0

I have a requirement to load various files (different type) into spark data frame. Are all these file formats supported by Databricks? If yes, where can I get the list of options supported for each file format?

delimited
csv
parquet
avro
excel
json

Thanks

Jacek Laskowski
  • 72,696
  • 27
  • 242
  • 420
Garipaso
  • 391
  • 2
  • 8
  • 22

2 Answers2

1

I don't know exactly what Databricks offers out of the box (pre-installed), but you can do some reverse-engineering using org.apache.spark.sql.execution.datasources.DataSource object that is (quoting the scaladoc):

The main class responsible for representing a pluggable Data Source in Spark SQL

All data sources usually register themselves using DataSourceRegister interface (and use shortName to provide their alias):

Data sources should implement this trait so that they can register an alias to their data source.

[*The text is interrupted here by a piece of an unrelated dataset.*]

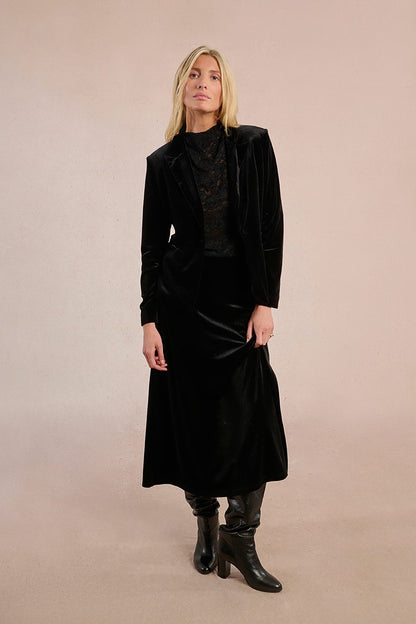 Molly Bracken TF120DH Black Velvet Midi Skirt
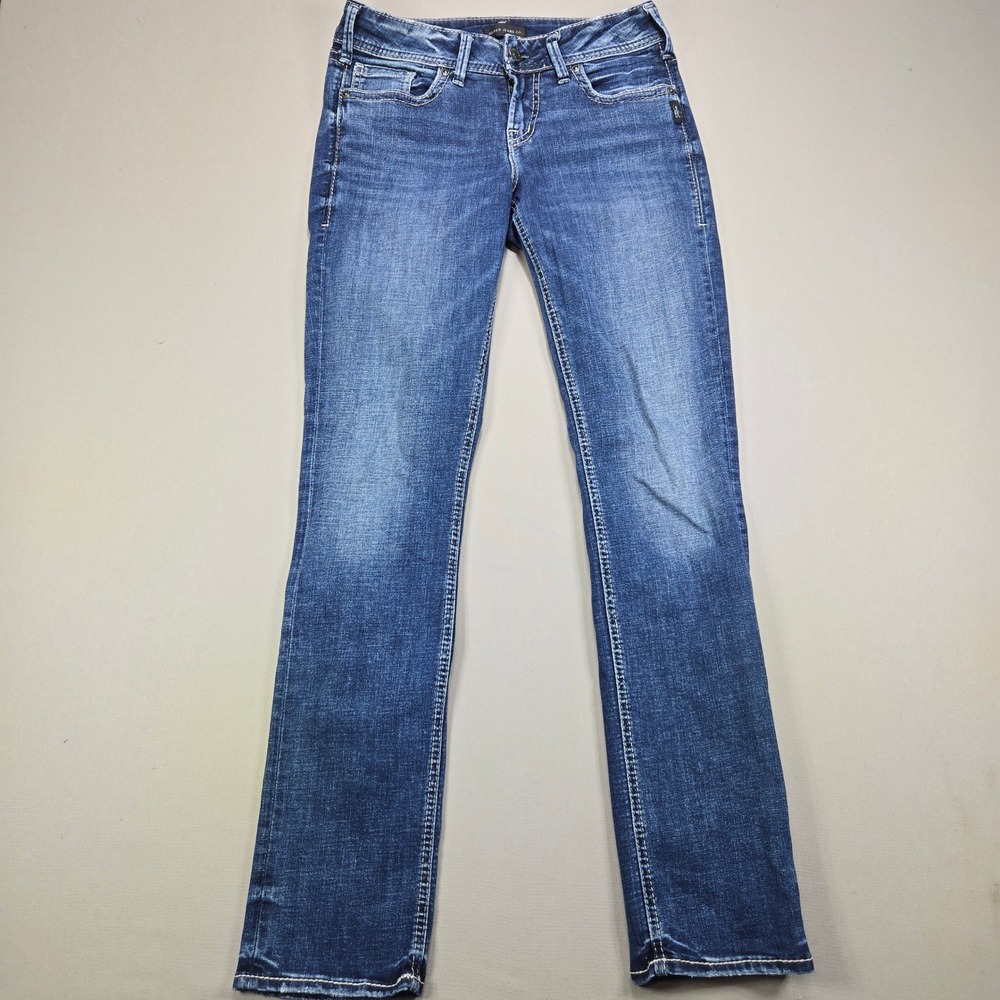 Silver Jeans Elyse Straight Leg Mid Rise Embroidered Blue W26 L32 Womens 26x32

Reading along the scaladoc of DataSourceRegister you'll find out that:

This allows users to give the data source alias as the format type over the fully qualified class name.

So, YMMV.

Unless you find an authoritative answer on Databricks, you may want to (follow DataSource.lookupDataSource and) use Java's ServiceLoader.load method to find all registered implementations of DataSourceRegister interface.

// start a Spark application with external module with a separate DataSource
$ ./bin/spark-shell --packages org.apache.spark:spark-sql-kafka-0-10_2.11:2.3.0-SNAPSHOT

import java.util.ServiceLoader
import org.apache.spark.sql.sources.DataSourceRegister

val formats = ServiceLoader.load(classOf[DataSourceRegister])

import scala.collection.JavaConverters._
scala> formats.asScala.map(_.shortName).foreach(println)
orc
hive
libsvm
csv
jdbc
json
parquet
text
console
socket
kafka

Where can I get the list of options supported for each file format?

That's not possible as there is no API to follow (like in Spark MLlib) to define options. Every format does this on its own...unfortunately and your best bet is to read the documentation or (more authoritative) the source code.

Jacek Laskowski
  • 72,696
  • 27
  • 242
  • 420
-1

All these formats are supported by Spark, for Excel files you can use spark-excel library.